Water utilities offer steady dividends and capital preservation for those interested in investing for income. Risk of competition is off the table, as these companies control the water distribution and wastewater management in their respective areas of operation, making them monopolies in these regions.
Since 60% to 70% of our bodies are made of water, it is essential to our existence. In addition to consumption, water is used daily at the household and industrial levels for cleaning, flushing, and watering lawns, gardens, and farms. Let's take a look at how to benefit from the key water utility companies that supply our tap water.
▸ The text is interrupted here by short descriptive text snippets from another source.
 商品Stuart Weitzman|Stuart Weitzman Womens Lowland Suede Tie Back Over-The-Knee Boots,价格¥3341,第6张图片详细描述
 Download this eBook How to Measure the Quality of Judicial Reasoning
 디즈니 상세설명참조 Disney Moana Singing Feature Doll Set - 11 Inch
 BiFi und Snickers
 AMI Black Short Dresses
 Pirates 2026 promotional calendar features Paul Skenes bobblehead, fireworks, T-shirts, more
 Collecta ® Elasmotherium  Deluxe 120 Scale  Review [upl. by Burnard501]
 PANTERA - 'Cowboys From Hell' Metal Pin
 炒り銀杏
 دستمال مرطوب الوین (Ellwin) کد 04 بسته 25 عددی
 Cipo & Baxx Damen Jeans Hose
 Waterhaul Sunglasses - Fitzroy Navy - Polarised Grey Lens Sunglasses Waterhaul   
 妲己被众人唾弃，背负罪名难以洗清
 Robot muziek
Aqua America (WTR) is a $3.56 billion mid-cap Bryn Mawr, PA based water utility company serving 12 states in the U.S. The company pays a 2.6% dividend. Aqua has increased its dividend 21 times in the past 20 years and has paid dividends for more than 65 years.
Aqua America's long-term business model is growth-through-acquisition. Recently, Aqua has paired up with Penn Virginia Resource Partners (PVR) to construct and operate a private pipeline system to supply fresh water to certain natural gas drillers in the Pennsylvania portion of the Marcellus Shale. This is a prime example of Aqua's continuous efforts to grow.
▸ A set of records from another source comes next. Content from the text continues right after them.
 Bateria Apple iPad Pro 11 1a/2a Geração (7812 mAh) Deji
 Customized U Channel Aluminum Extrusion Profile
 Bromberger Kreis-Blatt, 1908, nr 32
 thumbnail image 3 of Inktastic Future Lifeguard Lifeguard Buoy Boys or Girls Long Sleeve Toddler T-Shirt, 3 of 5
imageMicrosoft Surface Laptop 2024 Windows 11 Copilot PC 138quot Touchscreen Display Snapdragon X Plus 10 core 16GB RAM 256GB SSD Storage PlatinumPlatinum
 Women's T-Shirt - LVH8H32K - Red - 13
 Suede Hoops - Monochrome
The company is trading at 2.8 times book value per share. Aqua America has a profit margin of 20.96% and an operating margin of 40%. It has operating cash flow of $370.7 million. The company is expected to grow earnings annually at 5.93% for the next five years. If dividends are reinvested, investors can expect a $10,000 investment in WTR to be worth about $15,000 in five years.
American Water Works (AWK) is a $6.14 billion mid-cap Voorhees, NJ based water utility serving 1,100 communities in 17 states. The company pays a 2.9% dividend and has raised the dividend payment every year since 2009. This is an excellent dividend track record considering the company last went public in 2008.
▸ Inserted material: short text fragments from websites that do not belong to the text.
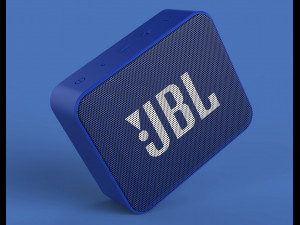 jbl go2 3D Модель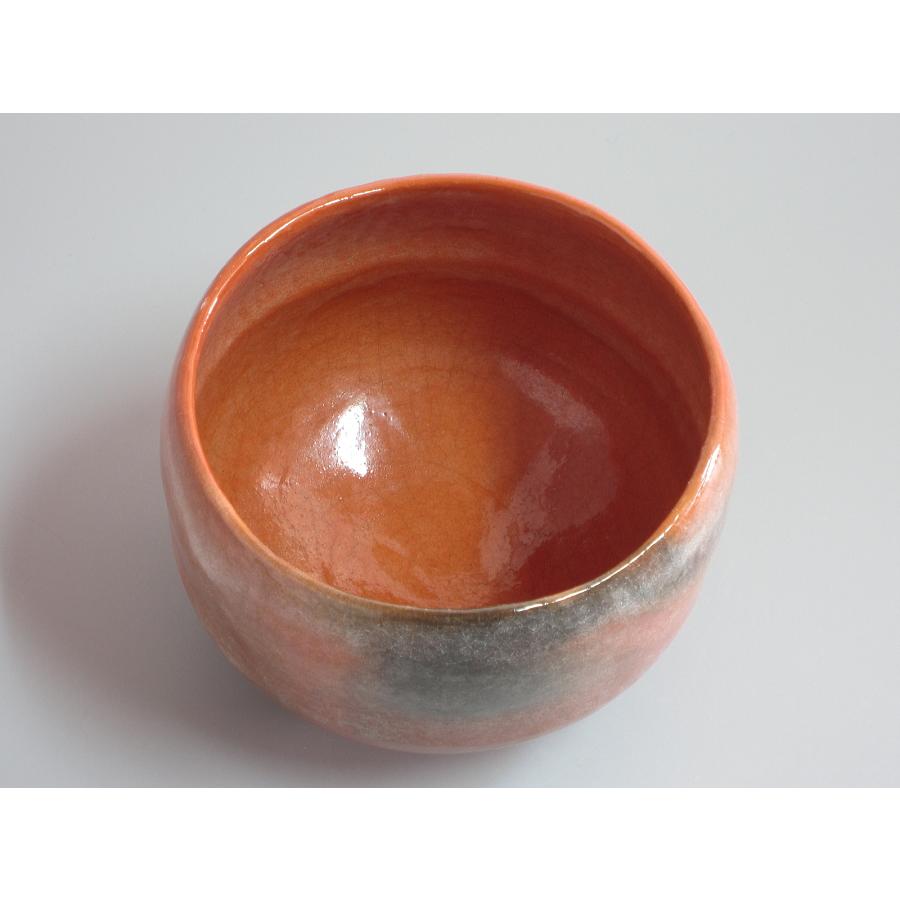 赤楽茶碗 西村紫楽造 共箱 : 茶道具商 越中屋 - 通販 - Yahoo!ショッピング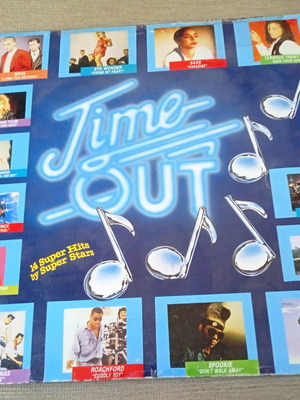 Time Out LP used, pop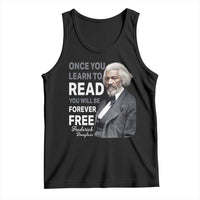 Frederick Douglass Freedom Quote Tank Top Once You Learn to Read - Wonder Print Shop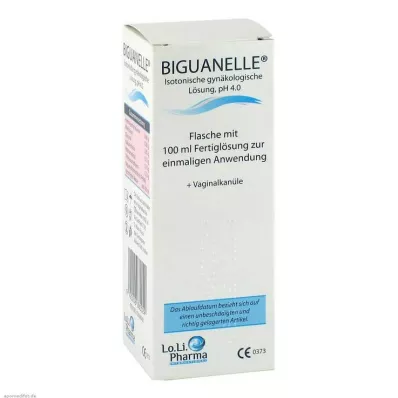 Biguanelle vaginaliuos, 100 ml Biguanelle vaginaliuos, 100 ml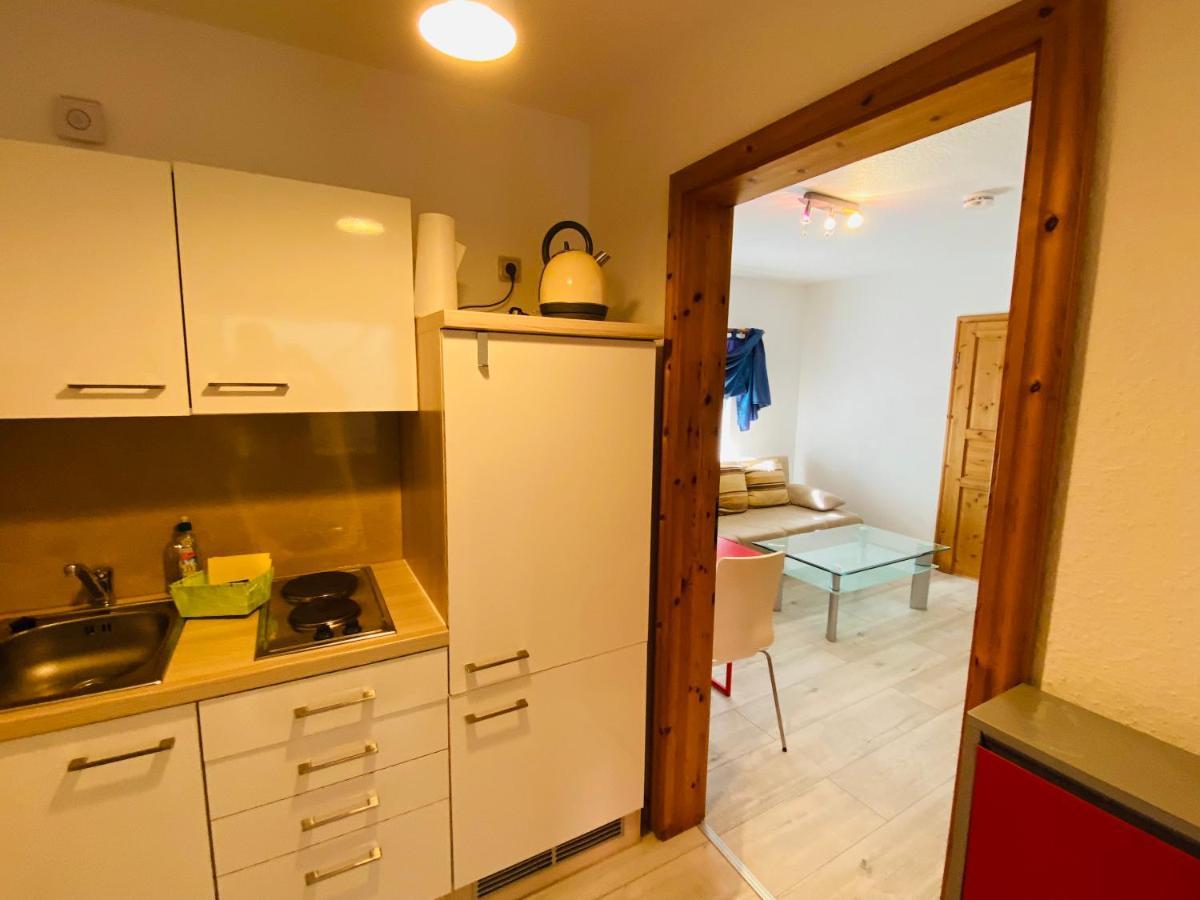 Apartment Emil Im Eg Mit Garten In Suhl Zewnętrze zdjęcie
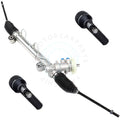 3X Power Steering Rack & Pinion Outer Tie Rod for Chevy Impala Buick Century 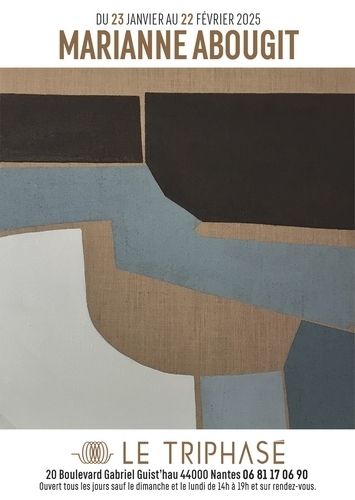 Exposition de Marianne Abougit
American Water Works is the largest publicly-traded U.S. water and wastewater utility company. The company proactively invests in improving infrastructure. Investing $800 million to $1 billion annually, contributes approximately 6% to earnings growth.
The company trades at only 1.43 times book value per share. It has a profit margin of 12.1% and an operating margin of 30.43%. The company has a strong operating cash flow of $794.93 million and free cash flow of $168.6 million. AWK is expected to grow earnings annually at 8.37% for the next five years. If dividends are reinvested, investors can expect a $10,000 investment in AWK to be worth about $17,000 in five years.
Although both companies should do well for the long-term, American Water Works looks like the better deal. It has a better valuation, a higher dividend, and higher expected growth than Aqua. Consider an investment in this prized water monopoly.
Disclosure: I have no positions in any stocks mentioned, and no plans to initiate any positions within the next 72 hours.